Saturday, January 5, 2008

Worshipping at the Church of Hot Addiction

So me and Katie have tickets to go see Cobra Starship February 7th at the Big Easy in Boise. It's nice to have a concert to look forward to again.

It's been what, six months since Projekt Revolution Seattle? I had almost forgotten what it was like, this pre-concert high.

Thursday, January 3, 2008

"fuck the way i am in love with being a mess."

Patrick, how the fuck do you survive this constant trainwreck?

I need to know your secret so I can start sleeping again.

The woeful expression of my tortured soul

Look! A BLOG.

how original of me, yes? Even the title of this entry doesn't belong to me, it belongs to some random MCRmy member. I just couldn't be bothered to think of anything original AND creative at 4:45 am, so I settled for plagerism.

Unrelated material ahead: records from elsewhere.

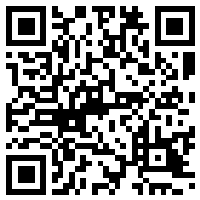 QR Code for bitcoin:17XPutsEXRBGu2xWe4YAyvVuzntJp5dM74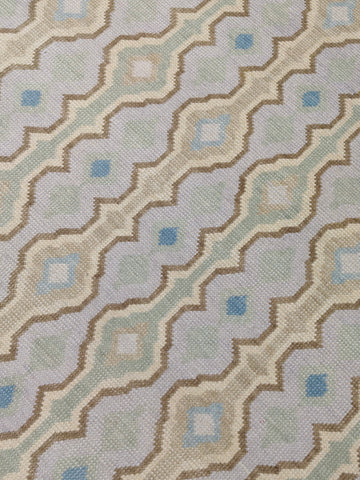 Scout 9 x 12 (in stock)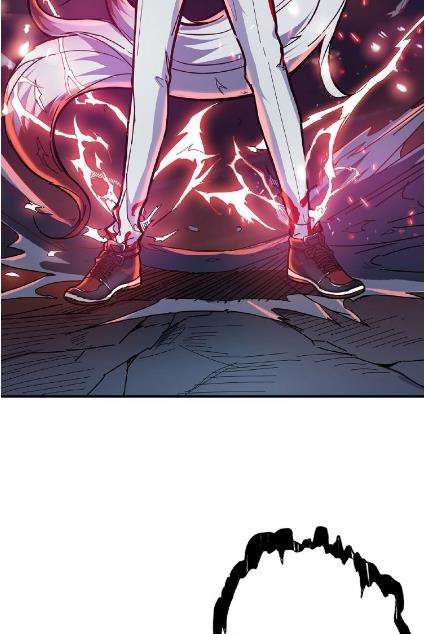 God Slayer Chapter 24 - halaman 7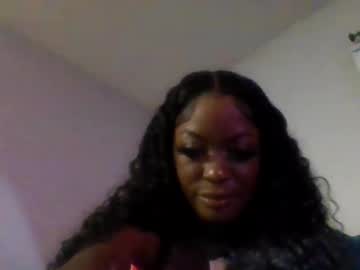 kyliekay44
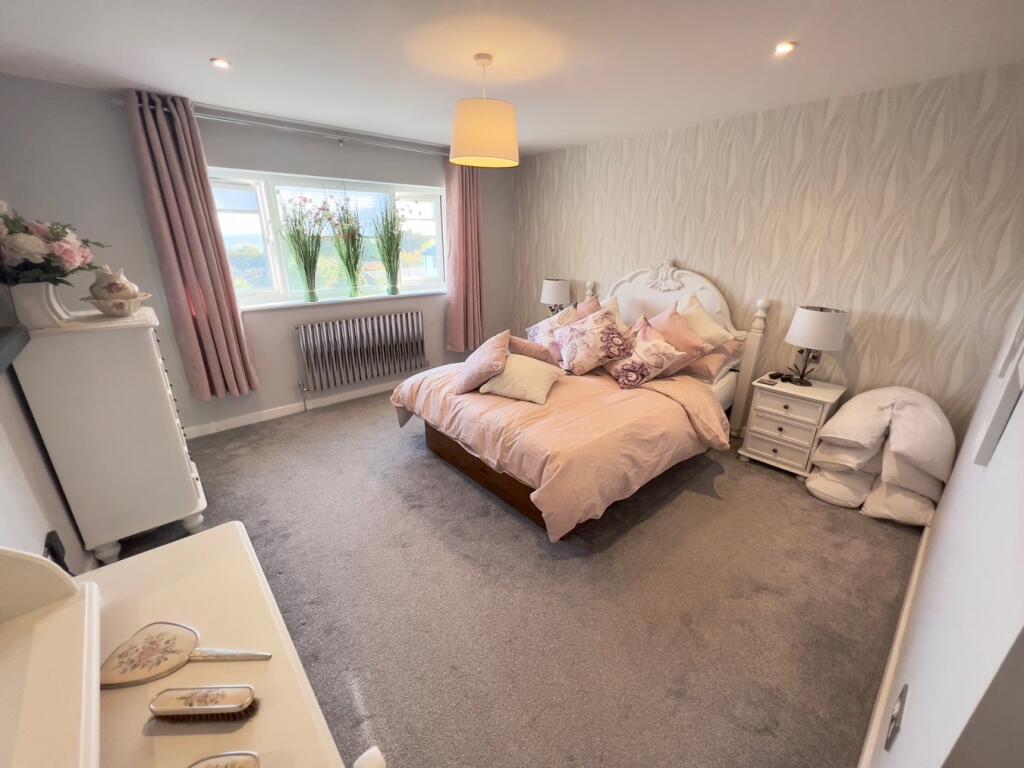 Additional image 18 of Southway, Eldwick , Bingley, BD16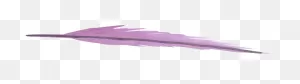 Watercolor Purple Leaf Png Clipart - Large Size Png Image - ClipartFlare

I am not old. Not in the slightest. I have my ENTIRE LIFE ahead of me. Why do I feel too old to be sitting here writing to a non-existant audience? Maybe it's because it feels a little too close to having an imaginary friend.

My eyes burn (in the painful physical way, not in the poetic way), my new tat itches like no motherfucker knows, and the title to this entry is starting to sound more serious than sarcastic, so I better go before I stop sounding like a grumpy 21 year old and start sounding like an angsty teenager.

Besides, I suppose I should earn my pay and do some work.